Basically I’m with both Dean Baker and Noah Smith here, but I thought I might add some more general discussion.

What this study claims to do is estimate the effect of the stimulus by looking at cross-state comparisons. So the first thing we should understand is just how difficult it is to do that.

Remember, the stimulus was not big compared with the economic downturn. The original Romer-Bernstein estimate was that it would, at peak, reduce unemployment by about 2 percentage points relative to what it would otherwise have been. And most of that effect was supposed to come through measures that would have been common to all states: tax cuts, transfer payments, etc.. At most, differences between predicted effects among states should have come to no more than a fraction of a percentage point off the unemployment rate.

Meanwhile, there were large differences in actual unemployment changes by state. Here’s the change in the unemployment rate from 2007 to 2010:

BLSChange in unemployment from 2007 to 2010

Obviously there were factors other than the stimulus driving the great bulk of these differences. At the top are the “sand states” that had the biggest housing bubbles; at the bottom, cold places where nobody lives.

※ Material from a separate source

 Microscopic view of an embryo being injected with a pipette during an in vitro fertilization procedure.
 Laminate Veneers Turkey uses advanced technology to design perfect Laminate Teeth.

To tease any effect of the stimulus out of these interstate differences, if it’s possible at all, would require very careful and scrupulous statistical work — and we’d like to see some elaborate robustness checks before buying into any results thereby found.

The latest anti-stimulus paper shows no sign of that kind of care. It makes no effort to control for the differential effects of bubble and bust. It uses odd variables on both the left and the right side of its equations. The instruments — variables used to correct for possible two-way causation — are weak and dubious. Dean Baker suspects data-mining, with reason; the best interpretation is that the authors tried something that happened to give the results they wanted, then stopped looking.

Really, this isn’t the sort of thing worth wasting time over.